Dramat z rozszerzeniami
Zdobyć gola na otwarciu stadionu, w finale pucharu iw takiej atmosferze, to niesamowite.
W finałowym meczu Pucharu LFF pomiędzy wileńskimi drużynami „Žalgiris” i „Hegelmann” z okręgu kowieńskiego, który przedłużył ceremonię otwarcia, wilnianie po dogrywce zwyciężyli 2:1. Do swojej tacy z trofeami klubowymi dodali 14. Puchar LFF.
Bilans intrygującego meczu może niejednokrotnie przechylić się na korzyść gospodarzy Kowna i gości. Choć mieszkańcy Žalgiris, wspierani przez kilkuset swoich fanów, zaczęli bardziej aktywnie, pierwsza szansa wynosiła 100%. miał zespół Hegelmanna. 32 min. Wileńska drużyna straciła piłkę w pobliżu pola karnego, ale Ignas Kružikas nie trafił w bramkę.
Po przerwie przeciwnicy wymienili się groźnymi atakami, a po 76 min. Žalgiris Marko Miličkovičius posłał piłkę do bramki z krawędzi pola karnego – 1:0. Gdy wynik był jasny, obrońca Hegelmanna Samuel Odeyoibo wyrównał w doliczonym czasie gry, aby wymusić dogrywkę. Mario Paveličius, inny zawodnik Žalgiris, zdobył w tym czasie punkt, 110 min. niepowstrzymany strzał z dystansu – 2:1.
Pan Miličković, który został wybrany najcenniejszym piłkarzem w finale, przyznał, że pierwsza strzelona bramka stała się jedną z najważniejszych w jego karierze.
– Zdobyć gola na otwarciu stadionu, w finale pucharu iw takiej atmosferze, to niesamowite – powiedział czarnogórski legionista.
Zasalutowany przed fanami
– To smutne, ale słowa, że finał nie jest rozegrany, ale wygrany, spełniły się. Graliśmy i „Žalgiris” wygrał – powiedział Andrius Skerla, kapitan drużyny Hegelmanna. – To rozczarowujące, ponieważ włożyliśmy dużo wysiłku Może „Žalgiris” też był zmęczony po meczu międzynarodowym, ale nie widziałem kosmicznej różnicy w poziomach, po prostu może rywale zaatakowali lepiej.”
W przeszłości jeden z najbardziej utytułowanych obrońców reprezentacji Litwy, który 84 razy nosił koszulkę reprezentacji Litwy, niejednokrotnie grał także na dawnym stadionie centrum sportowego Darius i Girenas. Przez wiele lat rywalizował także na nowoczesnych arenach w Holandii, Szkocji i Polsce. A. Skerla przyznał, że jest pod wrażeniem nowego stadionu w Kownie i panującej tam atmosfery.

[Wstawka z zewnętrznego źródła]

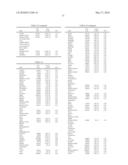 METHODS FOR THE PROGNOSIS OR FOR THE DIAGNOSIS OF A THYROID DISEASE diagram and image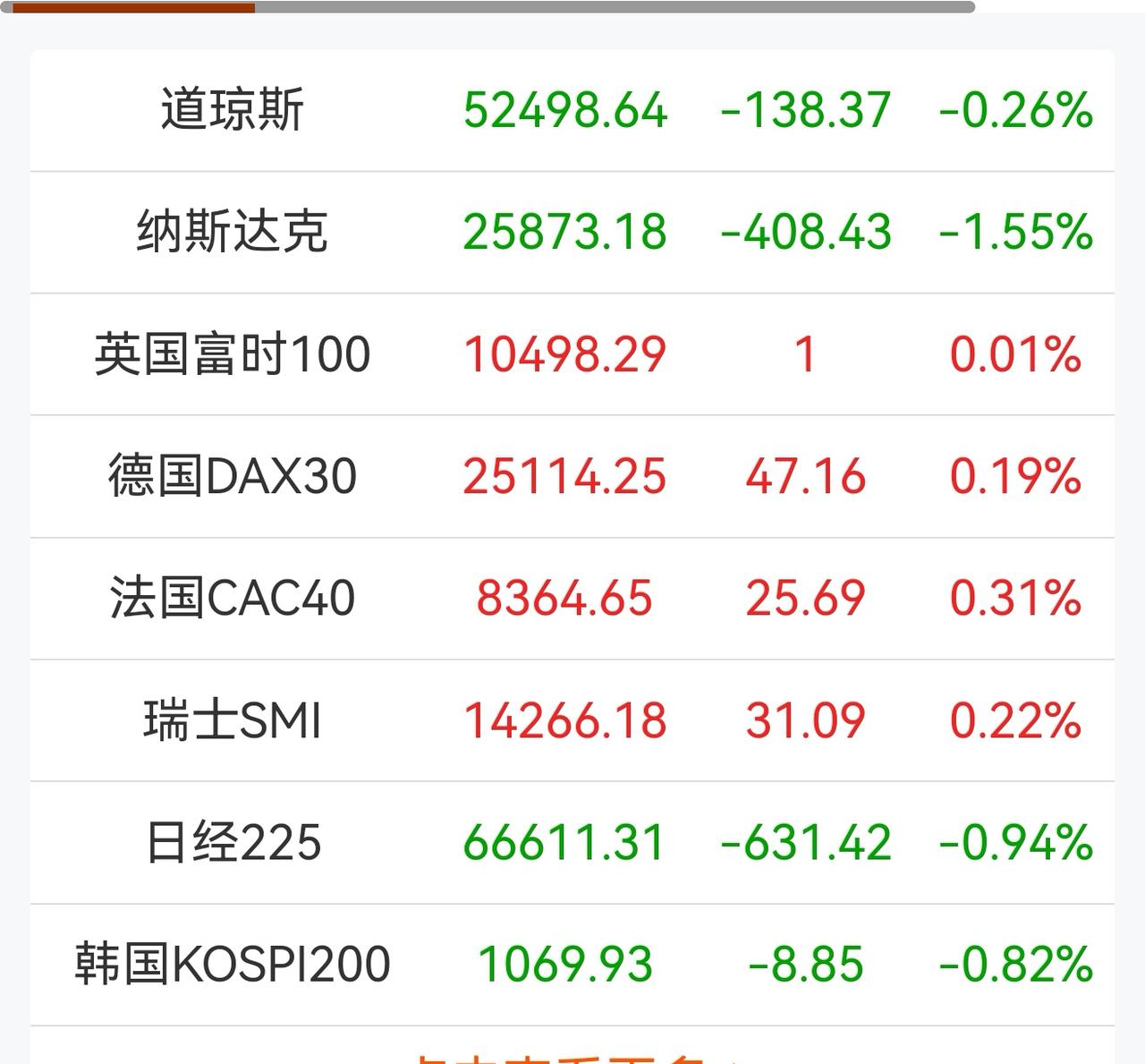 老手说股：（1）
家人们，先看下外围市场，昨晚美股下跌，从道指和纳斯达克的走势来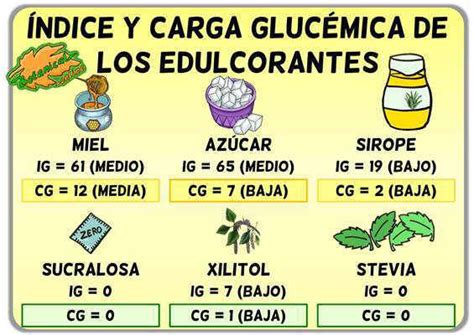 Infografía comparativa del índice glucémico de diferentes edulcorantes.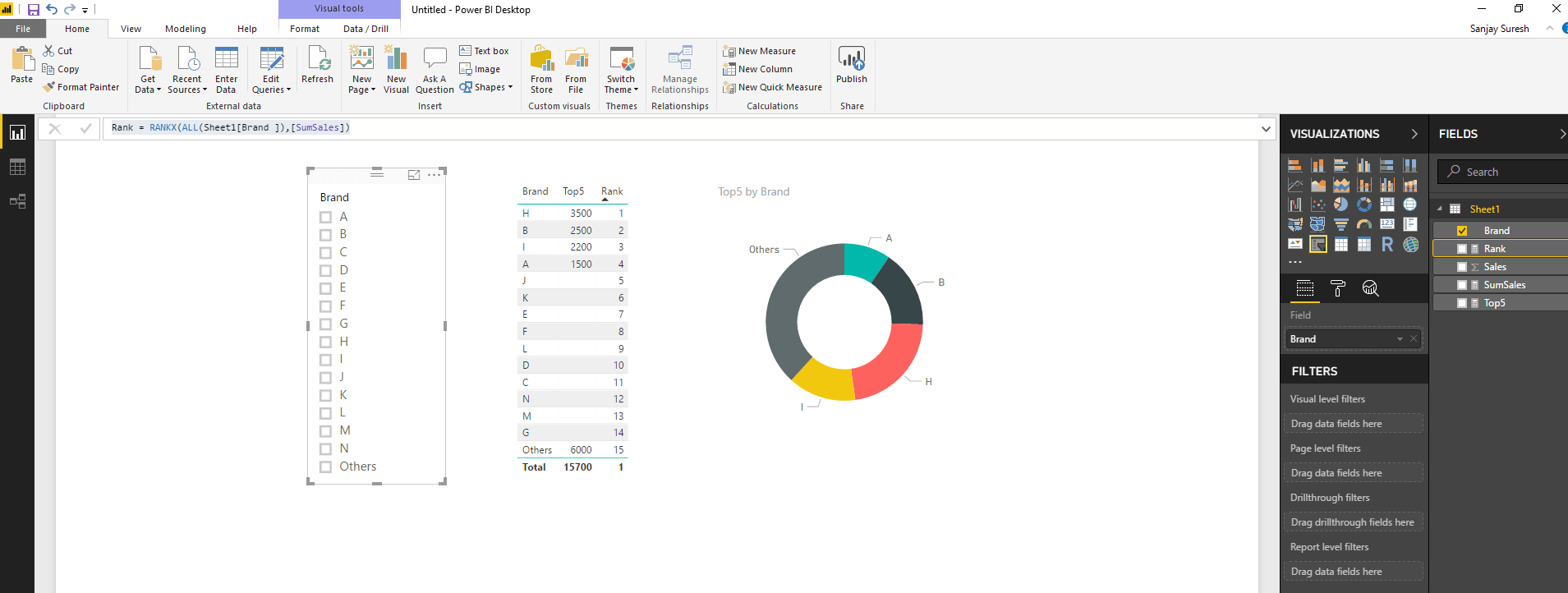 Power Bi Ranking Visual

„Ogromny!” My Litwini nie jesteśmy przyzwyczajeni do takich rzeczy. Nawet kiedy sam reprezentowałem drużynę narodową, tak wielu widzów nigdy się nie zebrało. Życzyłem studentom, aby nie raz w swojej karierze mieli okazję zagrać na takich stadionach. Zawodnicy, widząc tylu widzów, zawsze walczą z inną siłą, to właśnie widzieliśmy. Wszystko było na wysokim poziomie, atmosfera i otoczenie były po prostu fantastyczne” – powiedział A.Skerla.
Pokaz: uczestnicy świątecznego koncertu przyszli się popisać. (Zdjęcie pułku Zakshensk)

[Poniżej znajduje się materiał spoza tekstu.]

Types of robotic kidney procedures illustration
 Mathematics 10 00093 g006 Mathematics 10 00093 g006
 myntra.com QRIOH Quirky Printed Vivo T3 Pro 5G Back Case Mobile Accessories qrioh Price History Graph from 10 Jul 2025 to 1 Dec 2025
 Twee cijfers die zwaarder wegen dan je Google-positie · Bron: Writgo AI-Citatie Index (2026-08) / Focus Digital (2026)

Wspierał go także strateg zwycięzców Władimir Czeburin.
– Atmosfera była naprawdę świetna. Fajnie było grać na takim stadionie. Mam nadzieję, że wkrótce Wilno też będzie miało swój własny stadion narodowy. Może będzie jeszcze trudniej – ma nadzieję sternik „Żalgirisa z Kazachstanu”.
Zdjęcie pułku Zakszeńsk.
Zdjęcie pułku Zakszeńsk.
„Certyfikowany fan sieci. Przedsiębiorca. Entuzjasta muzyki. Introwertyk. Student. Zły pisarz.”